Jason Bedrick: We see that in most of these cases. You break out for each category the number of states in which these conflicts have appeared, and for most of these categories, you’re in the 40s. Some are in the 30s, but most of them are in the 40s. Freedom of expression, you’ve got fights, more than 500 of these battles in all 50 states. These are widespread. But again, are we seeing these mostly at the district or school level, mostly at the state level, or in all three?

Neal McCluskey: Right. Again, I actually have a whole bunch of these I now need to add to this. Since I wrote the article for the Journal of School Choice, there have been a lot that have been added since then. But we certainly see a lot of state-level battles. I think if you looked at this over time, even longer time than we have entries on to the map, more and more decision-making has moved to the state level. In large part, that’s because actually federal education policy, since basically the 1960s, dictated to states that they have to administer a whole lot of federal programs, and so they’ve taken on more responsibility and they’ve taken on more setting of standards in lots of areas—math, reading, science, social studies—at the state level.

Absolutely we see many of these conflicts occurring at the state level, and what’s important about that is to understand that that means everybody in that state is subject and part of that conflict. People will say, “Well, yes, you have maybe…” Again, I haven’t calculated the numbers in a little while, but suppose you have about 1,500 school districts that have conflicts. Well, that’s out of 13,000 school districts, so they’d say, “That’s not really that much. You’re touching on maybe 10 percent of all school districts.” But you have to understand that so many of these are state level, that everybody in the state is a part of that conflict. Often, that’s really values-central things, like how are we going to teach sex education, how are we going to teach evolution? Yes, everybody in the state is involved.

I did just recently calculate of all the districts that we have, what percentage of the population is implicated in that, and it’s almost half of the population is in the districts that we have in the map. That’s because there is a heavy bias toward districts being put in the map that also have media coverage, and you don’t get media coverage unless you have a large population. So, there are no doubt many districts that don’t get on this battle map radar because they have conflicts that never get into media that show up in Google searches or in aggregators of education news, and maybe where lots of people are dissatisfied with what the schools are teaching, maybe even are fighting against it, but that it never gets any sort of coverage in the media. The battle map is really almost certainly just the tip of the iceberg of how much these issues are affecting people.

Jason Bedrick: Some people might hear about these conflicts and say, “OK, I’m sold. It’s clear that these conflicts never really went away.
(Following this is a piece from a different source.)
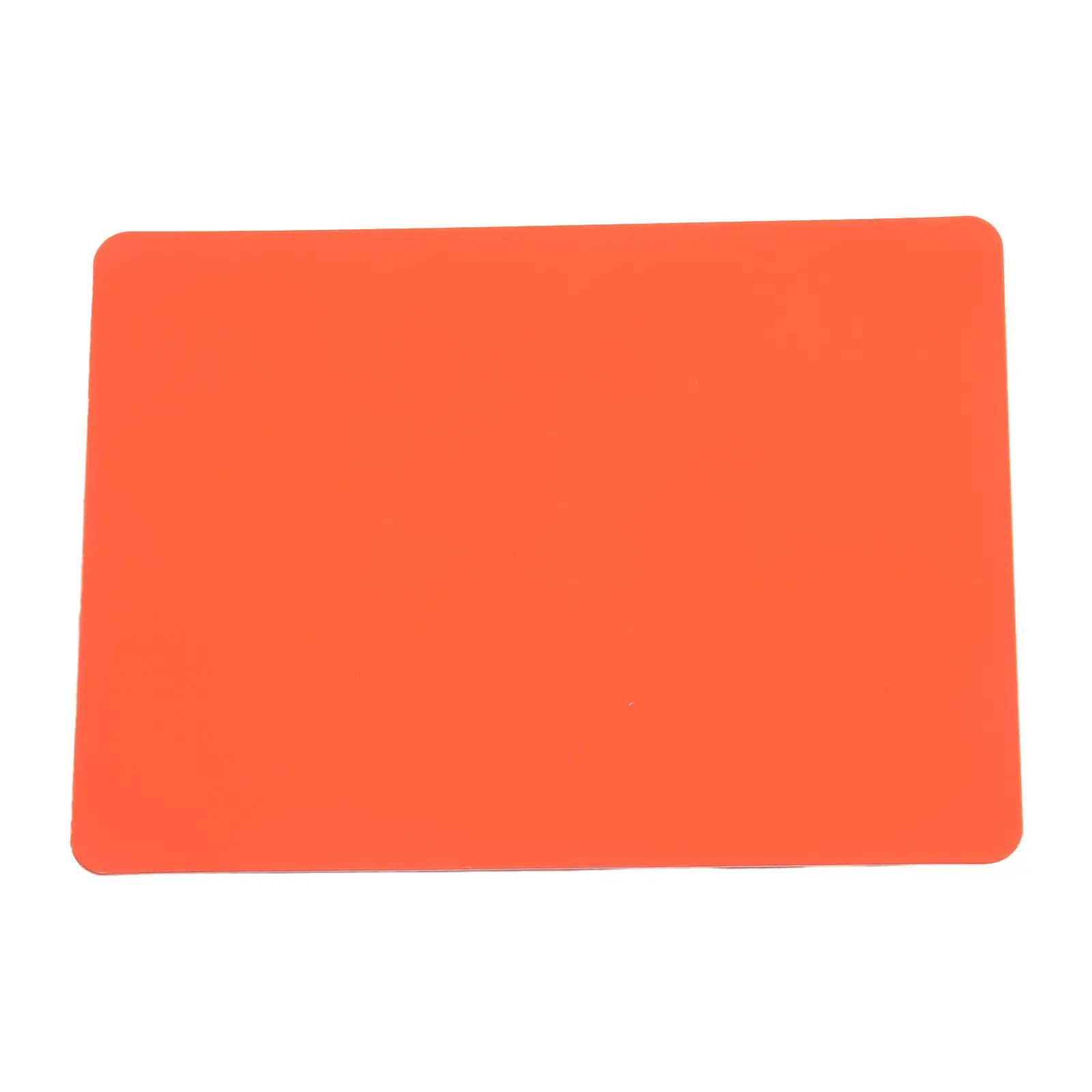2pcs Soccer Referee Red Yellow Card Bendable PVC Lightweight Football Referee Tools 11x8cm For Football Games Accessories
2pcs Soccer Referee Red Yellow Card Bendable PVC Lightweight Football Referee Tools 11x8cm For Football Games Accessories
We still are having conflicts over religion in education, but maybe it’s because we’re just not doing a good enough job of being religious neutral.” I should clarify, religiously neutral means neither favoring nor disfavoring any one religion, or religion over non-religion, or vice versa.

Some might say, “Yeah, OK, so we just need to do a better job of that. We need the courts to strictly enforce religious neutrality, maybe do a better job of educating people working in or overseeing our public education system of what religious neutrality entails.” But you say, “No, this is a fool’s errand because ultimately religious neutrality in education is actually impossible.” Why? Why is it impossible?

Neal McCluskey: Right. The first thing I’d say is I think that when people think it through, they would say, “OK, religious neutrality would mean neither favoring nor disfavoring religion versus non-religion.” I don’t actually think that’s how most people look at it. I think most people think, “If the public schools exclude religion, they are therefore religiously neutral.” I don’t think often that they see this problem of actually having a vacuum of religion discriminates against religion, but that is really the first level of understanding why public schools cannot be religiously neutral. There are many people who believe that nothing can be separated from religion and God—that mathematics was created by God, that our social relationships are governed by God. And so the first thing is, if you say that you can even have religiously neutral schools, there are people who say that’s impossible because God is in everything and creates everything.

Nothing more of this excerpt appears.